PRESENTATION TO THE ASSOCIATION OF CONFLICT RESOLUTION/ENVIRONMENTAL AND PUBLIC POLICY SECTION CONFERENCE: SEEKING SUSTAINABILITY THROUGH COLLABORATIVE GOVERNANCE
Getting government to mandate the use of our services:
In the beginning there was ACUS – the Administrative Conference of the United States. It doesn’t exist any more, but for a period, Assistant Secretary-level appointees from all the federal agencies plus more than a dozen Presidential appointees tried to find ways of enhancing the effective operation of government. They (with help from Phil Harter) pushed for negotiated rule-making. EPA and other agencies experimented with the idea and eventually convinced Congress to pass the Administrative Dispute Resolution Act in the early 1990s.
We were sure that subsequent efforts to draft complicated regulations (and avoid the delay of litigation) would involve negotiated rulemaking assisted by trained mediators listed on the roster prepared by the US Institute for Environmental Conflict Resolution. We were also convinced that negotiated rule-making would convince federal agencies to use professional neutrals in a broad range of policy-making and administrative activities. While EPA’s negotiated rulemaking efforts have grown, the broader shifts we had hoped for, did not occur.

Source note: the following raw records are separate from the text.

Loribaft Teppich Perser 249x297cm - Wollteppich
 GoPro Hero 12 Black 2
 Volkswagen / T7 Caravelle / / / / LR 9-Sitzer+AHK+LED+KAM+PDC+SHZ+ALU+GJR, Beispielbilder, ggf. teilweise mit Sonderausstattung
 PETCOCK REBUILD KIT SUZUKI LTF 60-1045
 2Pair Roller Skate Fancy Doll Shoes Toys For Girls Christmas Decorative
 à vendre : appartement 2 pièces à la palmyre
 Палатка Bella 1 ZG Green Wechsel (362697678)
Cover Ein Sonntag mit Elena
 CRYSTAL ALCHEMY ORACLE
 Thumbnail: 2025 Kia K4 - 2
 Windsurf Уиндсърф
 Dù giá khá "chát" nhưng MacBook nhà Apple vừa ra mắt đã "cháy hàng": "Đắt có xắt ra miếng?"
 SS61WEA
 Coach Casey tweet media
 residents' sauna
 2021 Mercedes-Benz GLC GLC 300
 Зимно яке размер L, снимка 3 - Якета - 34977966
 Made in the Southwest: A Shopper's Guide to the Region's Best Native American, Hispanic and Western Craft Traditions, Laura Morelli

With help from a foundation created especially to advance public dispute resolution, we created State Offices of Mediation in almost two dozen states. We thought that once the Governors acknowledged how valuable mediators could be to the resolution of complex public policy disputes, states would create rosters of qualified neutrals and use them to handle all kinds of public disputes. We helped states like Connecticut, Montana, and Maine adopt statutes encouraging the use of mediation in all kinds of local land use disputes. In a number of states, we tried writing into standard state zoning enabling acts provisions for the use of mediation to resolve difficult land use disputes.
I think these were all worthwhile efforts, and they did legitimize environmental and public policy dispute resolution, but they didn’t create the widespread demand for our services that we anticipated.
Building the Supply of Qualified Neutrals
We went along with efforts in a great many states to implement 40-hour “courses” aimed at ensuring consumers and public agencies that professional neutrals are, indeed, qualified. [Although these were never specifically geared to testing the ability of public and environmental dispute resolvers in particular.]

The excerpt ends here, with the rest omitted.